Workshop
Multimodal Intelligence: Advancing Beyond Text with Generative AI
Tuesday 26 August 15.00
Organizer: Yanlan Mao, Aalborg University
The integration of multiple modalities (text, vision, audio, etc.) represents one of the most exciting frontiers in artificial intelligence research. As generative AI continues to advance rapidly, there is growing interest in creating systems that can perceive, understand, and respond to the rich multimodal nature of human communication. Despite breakthroughs in Large Language Models (LLMs) and Multimodal Large Language Models (MLLMs), significant challenges remain in creating truly seamless multimodal interactions that approach human-like understanding and responsiveness.
These challenges include cross-modal alignment, contextual grounding, maintaining coherence across modalities, and addressing ethical considerations such as bias and hallucinations in multimodal outputs. This session brings together researchers and practitioners from across Danish institutions to discuss the latest advancements and persistent challenges in multimodal AI, fostering cross-institutional connections and potential research collaborations.
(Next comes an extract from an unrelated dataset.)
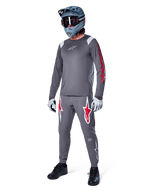 Koszulka z długim rękawem Alpinestars A-Supra Astar w kolorze ciemnoszarym, z czerwonymi logotypami na rękawach i białym logo na piersi, noszona przez rowerzystę w pasujących szarych spodniach, niebiesko-szarym kasku full-face i rękawicach technicznych, zintegrowany zestaw MTB do jazdy grawitacyjnej.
Presentations (30 minutes)
Multimodality in face-to-face communication from a language technology point of view
Costanza Navarretta, Associate Professor, Department of Nordic Studies and Linguistics, University of Copenhagen
Conversational AI for industrial robots in manufacturing settings
Chen Li, Associate Professor, Department of Materials and Production, Aalborg University
Facilitated discussion and activities (60 minutes)
Group activity
Participants will be divided into small interdisciplinary groups to share their experience and discuss specific challenges in multimodal AI in their domains (Note: To support the hands-on activities, we kindly request that the D3A provide papers, pencils, and sticky notes.)
Group presentations
Each group will present their ideas, insights, and identify common themes and potential collaborative opportunities
Discussion round
Summarizing key insights from the session and discussing potential follow-up activities and collaborations.
Intermediate: For attendees who have basic understanding or some experience with the subject but are not yet advanced.